David Brooks of The New York Times exemplifies one side of this analytical divide. He sees the Trump administration as "incompetent" and worse than "amateurs." In his view, "the Trump administration is less a government than a small clique of bloggers and tweeters who are incommunicado with the people who actually help them get things done." Brooks does not completely acquit the Trumpites of bad intent. He calls them out for their ethnic nationalism and bigotry. But he attributes the chaos they have sown to inadvertent malpractice rather than nefarious design.
Though this view is eminently plausible, it is understandably contested by those who view Trumpian entropy with an even more jaundiced eye. This latter perspective is embodied by Yonatan Zunger, who blogs at Medium. Taking together all of the actions and statements of the Trump administration's first week, Zunger asks if they should be read as the trial balloon for a future coup against the democratic institutions of the U.S. government (funded by a recently acquired 19% share in Russia's state oil company).
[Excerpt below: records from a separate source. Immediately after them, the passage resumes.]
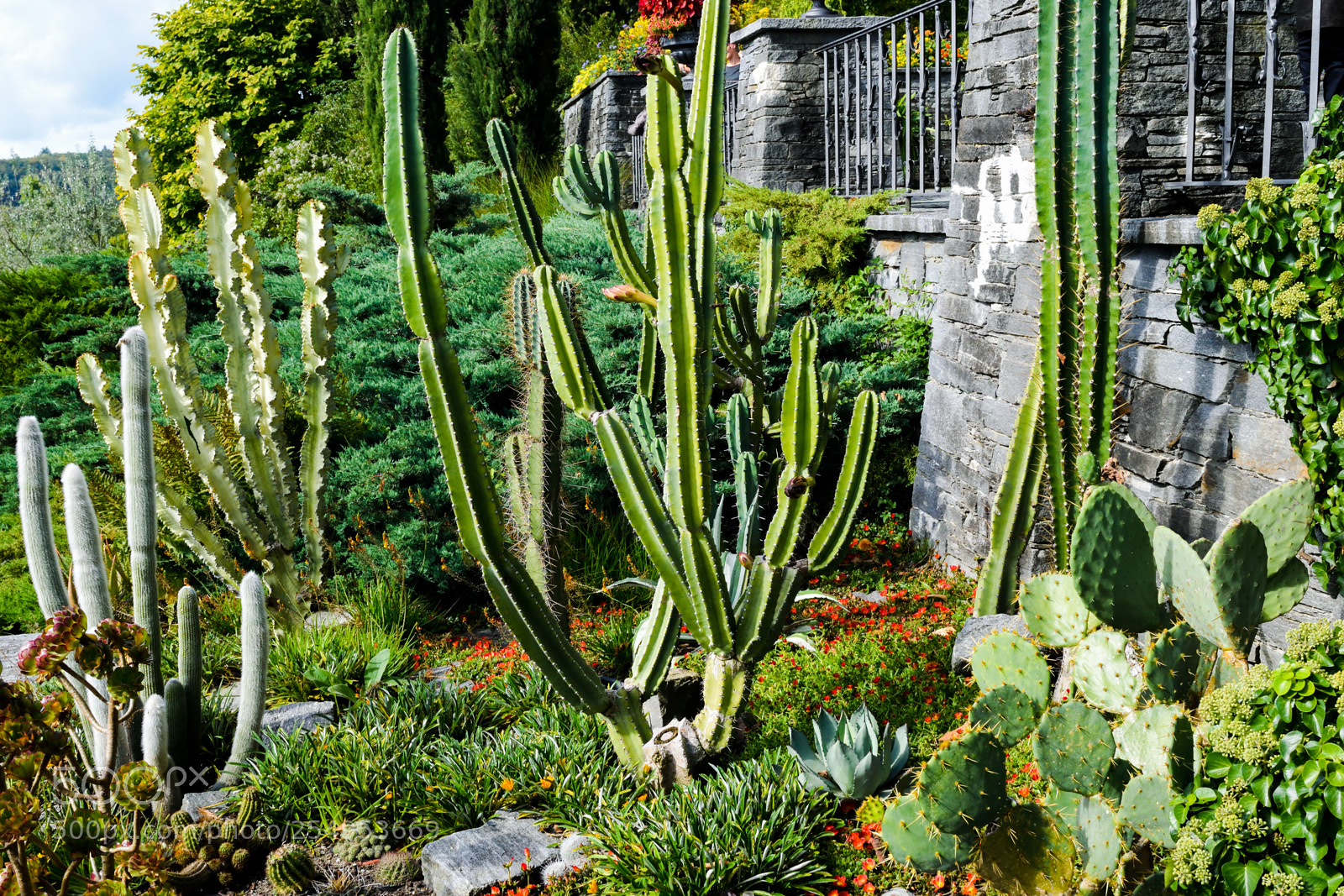 Nikon D3300 sample photo. Cacti photography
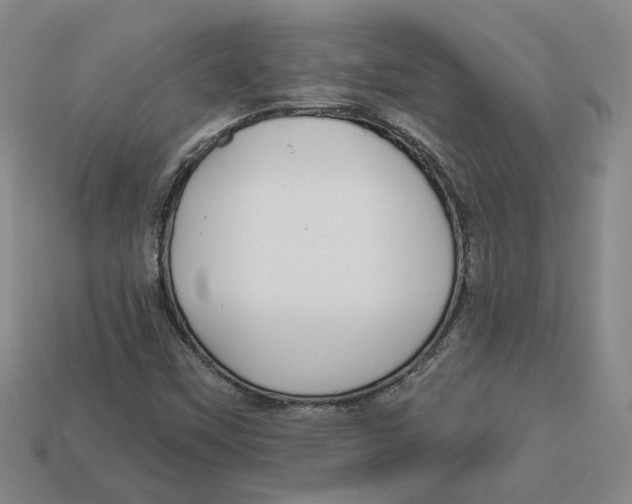 X0000113021451200909241625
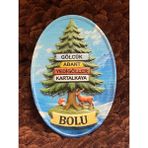 Bolu Temalı Oval Magnet, Gölcük Abant Yedigöller Kartalkaya, Hediyelik Buzdolabı Magneti - 1 TB - 1 GB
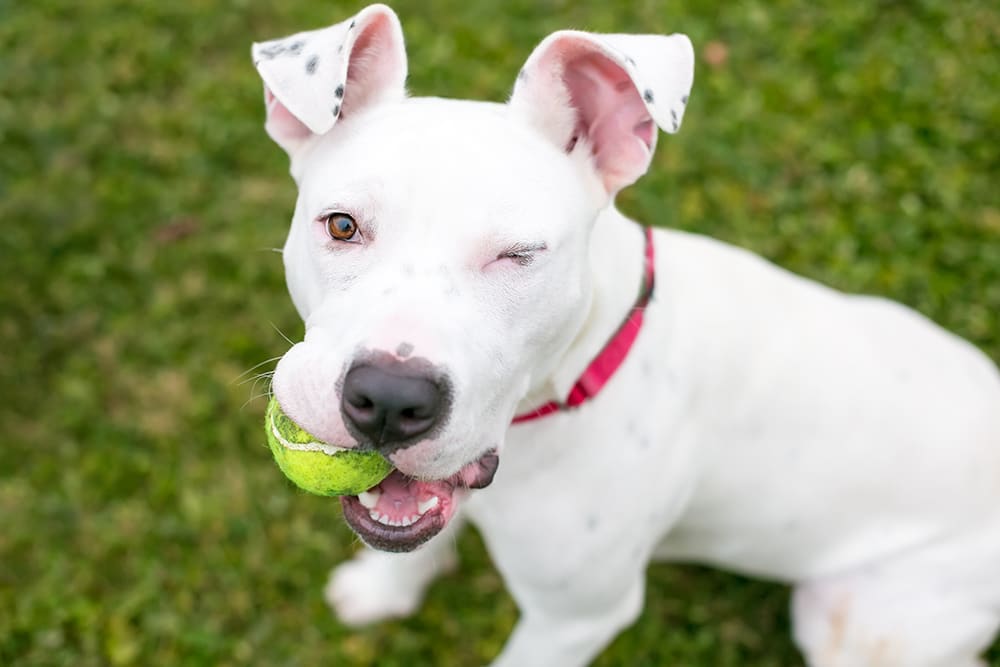 Happy white dog looking at camera with ball in mouth.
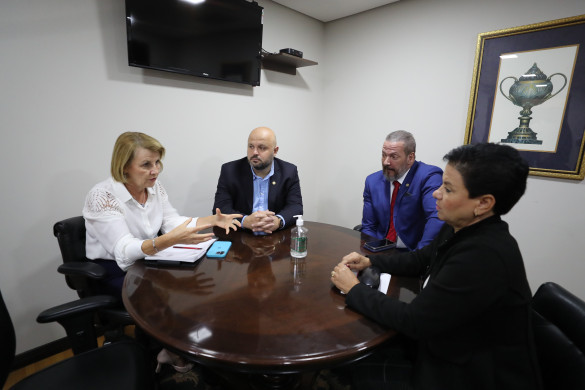 Comissão pretende debater novo Estatuto da Metrópole a ser implantado no estado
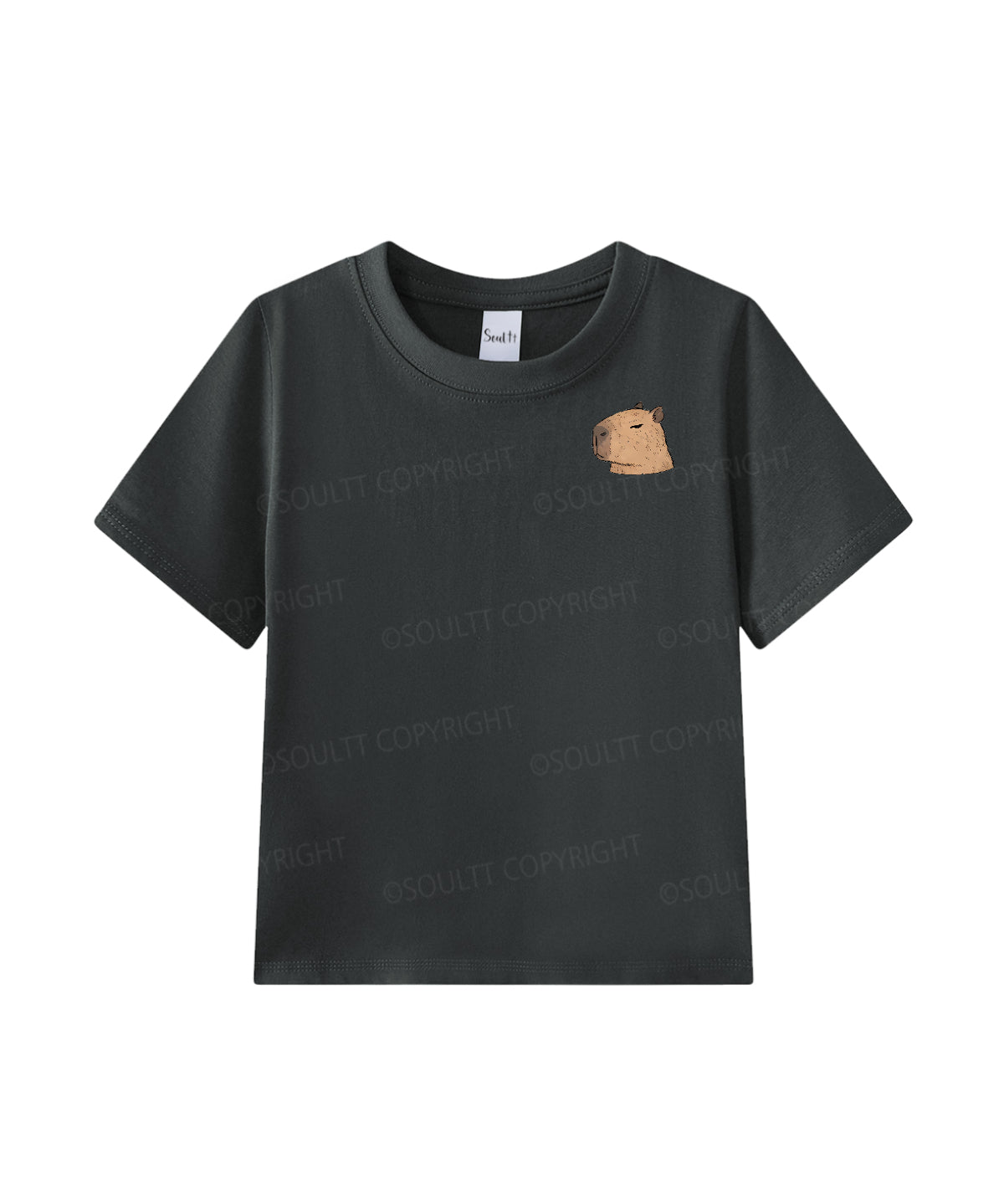 https://jollybell-1326511750.cos.accelerate.myqcloud.com/0/41bf9d451324424da63a9838b2982110.png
Where Brooks sees amateurism and incoherence, Zunger sees a "tight inner circle" that "is actively probing the means by which they can seize unchallenged power." All of the provocations (what Heather Richardson calls "shock events") of Trump's first days are not, in this view, arbitrary or unplanned, but are deliberate attempts to gauge the reactions of various federal agencies and to induce "dissent fatigue" in the wider public.
It is easy to see why Zunger's view is persuasive. It is difficult to believe that the denizens of the Trump administration, having risen so precipitously to such heights of power, could possibly be as incompetent as the tenor of their first weeks would suggest. If one eliminates that possibility, then fitting the observable facts into a pattern of malignant intent is the next natural choice.
Zunger's read cannot be dismissed as entirely far-fetched. Nor, it must be emphasized, are the two scenarios outlined by Zunger and Brooks necessarily mutually exclusive. It is entirely possible that the Trump administration (or different parts of it, to varying degrees respectively) are simultaneously deliberately anti-democratic and incoherently maladroit. Time and circumstance will tell which of these two Trumpological analyses is more accurate. Two things are clear from the outset, however.
The first is that, whether they are blundering or scheming, their penchant for callousness and cruelty (and the pain they inflict) remains the same. Whether his travel ban order was a botched attempt to make good on a polemical campaign promise or a clever ruse in pursuit of unconstitutional power, Donald Trump knew it would cause misery and hardship to hundreds of people, and he did not care. However one slices it, Trump's politics incorporate a degree of sadism. His claims to political efficacy all revolve to one degree or another on the promise to make the "right" people (that is, the "wrong people" who don't hold the privilege of being deemed "real Americans") hurt.
The second clear imperative of the Trumpian moment is the urgent need for citizenship. In the end it will not matter whether or not Donald Trump's actions were taken with an eye toward unlimited power. The damage this mode of governance will do to our democratic institutions will be similar in the long run in either case. Citizens on all sides of the political spectrum must stand up and demand that Donald Trump govern in a way that does not sow anger, fear, and chaos, and that the rest of our government (the House, the Senate, the courts, the governors, the state legislatures) hold him accountable to that constraint. In the end, only our vigilance and active civic engagement can insure that our Republic will survive the length of Trump's tenure in office, whatever the truth may be about his intentions and competence.